256 The author backtracks again, to 1844, when "Parliament passed the first of what turned out to be a string of joint stock company laws" beginning with the Companies Act of 1862: this formalized shareholder's limited liability, introduced streamlined mechanisms for creating a company, as well as winding down/liquidating a company, also it created a superintendent, the Registrar of Joint Stock Companies, to regulate it; the result here--in theory--was that incorporation would "become a bureaucratic process not a political one." The author points out continued blurring from the prior chartered joint stock system: a lot of these companies actually handled colonial-like activities, immigration processes, etc., citing as an example the British Honduras Company, which wanted to recruit Americans to move to Central America to harvest mahogany plantations; likewise there were still traditional British charters being approved during this era, even right up until 1914! However it sounds like most of these are more like Royal Societies (like the Royal Colonial Society or the Royal Geographical Society) [the author would do well to clarify this a bit better].

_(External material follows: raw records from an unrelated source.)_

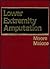 Lower Extremity Amputation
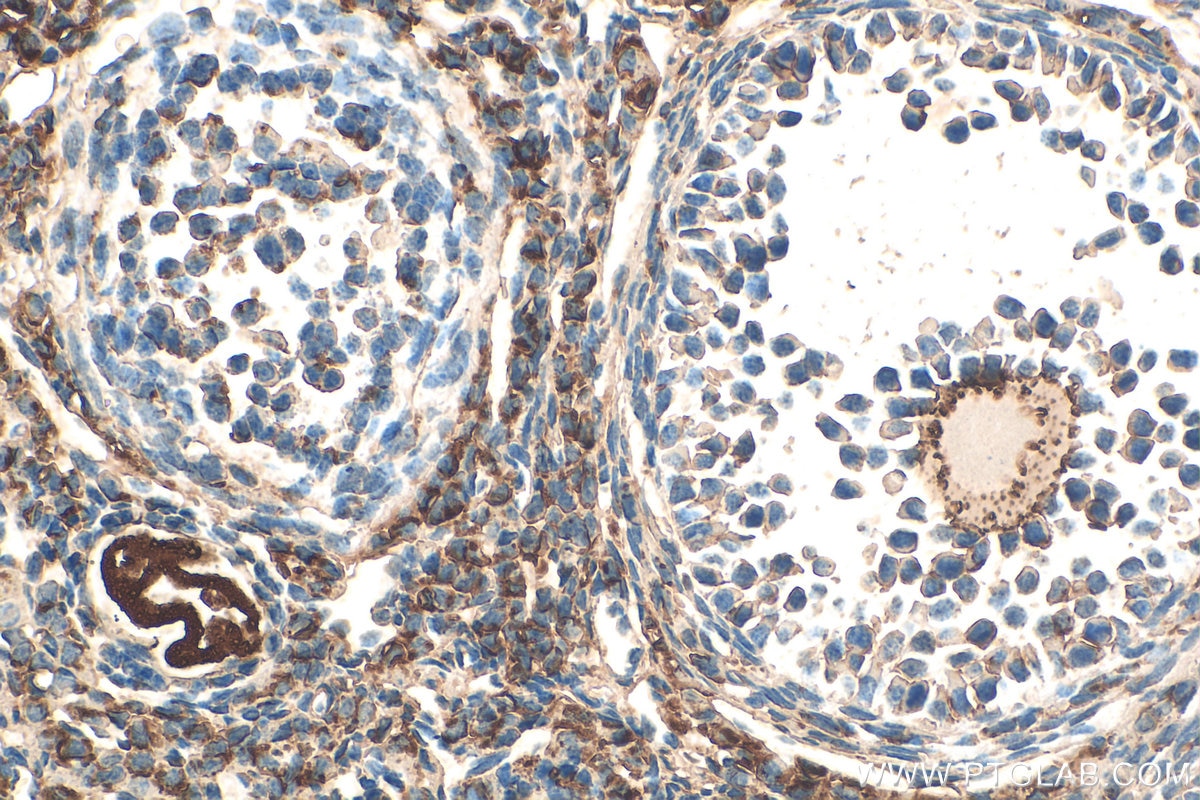 Immunohistochemistry (IHC) staining of mouse ovary tissue using ALDH1A2 Polyclonal antibody (13951-1-AP)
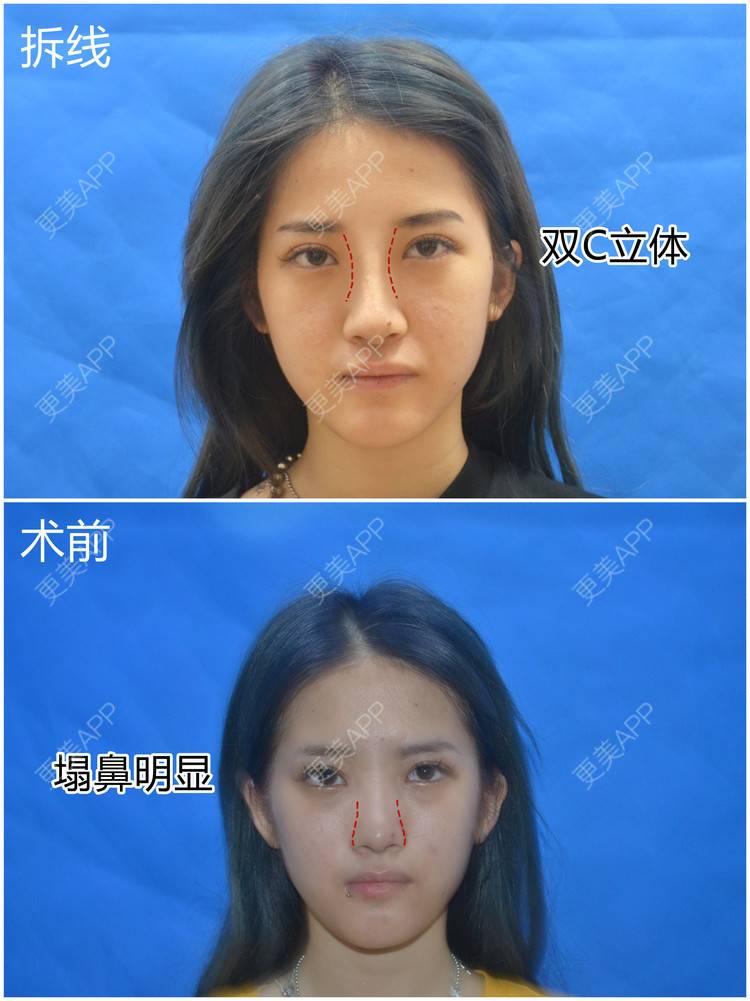 更美 - 李闯 医生的鼻中隔软骨隆鼻经验 | 鼻中隔软骨隆鼻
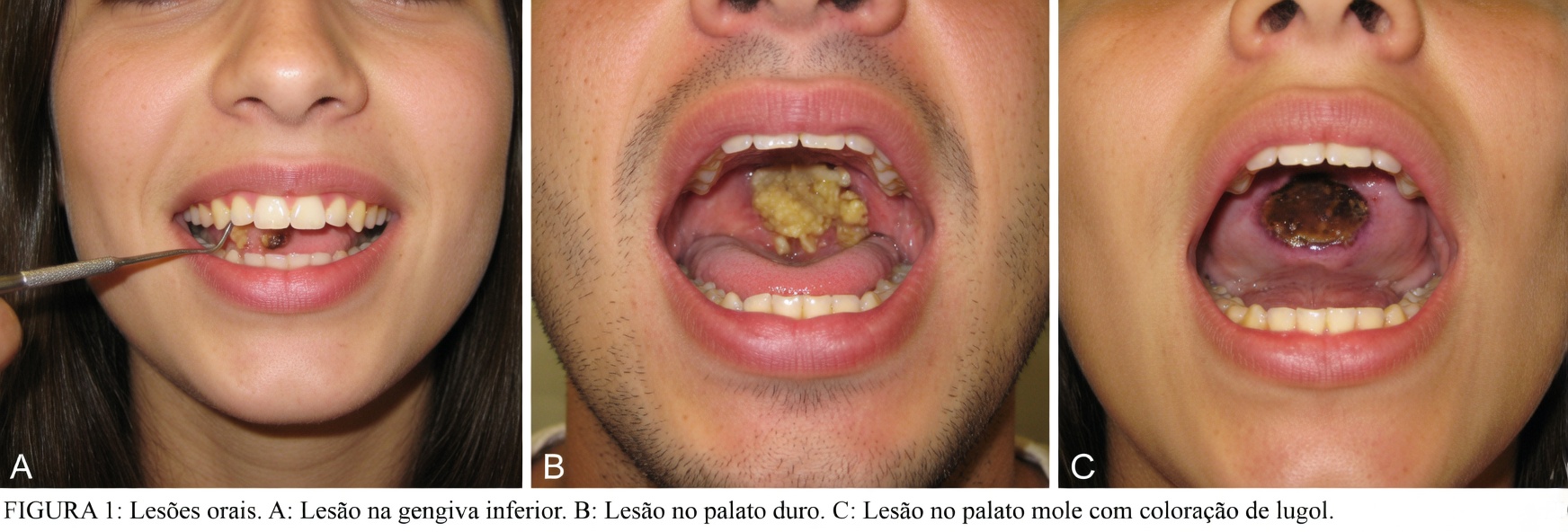 Mulher sofre infecção fúngica nasal ligada a um hábito cotidiano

258ff Discussion here of telegraphy as a burgeoning new industry, beginning in the 1840s; on international telegraphy as "a paradoxical intervention into the world of company colonialism"; it helped to centralize British Empire control but it "was almost wholly dependent on regionalized incorporated companies" to actually maintain the communication links. Also comments here about an octopus-like monopoly on telegraphy, the Eastern Telegraph Company, which cobbled together several existing telegraph companies, eventually coming to control 45% of the global telegraph network. Note also the overlapping multinational shareholders and company ownerships of different types of telegraph companies: see for example the partnership between a US-based and a French-based cable company with subsidiaries that were registered in Britain, both had boards populated by British and Canadian directors; this company won British government subsidies to create a Canada-to-Caribbean telegraph line. See also the Reuter Telegram Company Limited, which had a virtual monopoly over news across the British Empire, promoting itself as an imperial service even though the founder was German and owned investments in other European telegraphs; this company attempted to formally merge in 1875 with a French and German telegraph company.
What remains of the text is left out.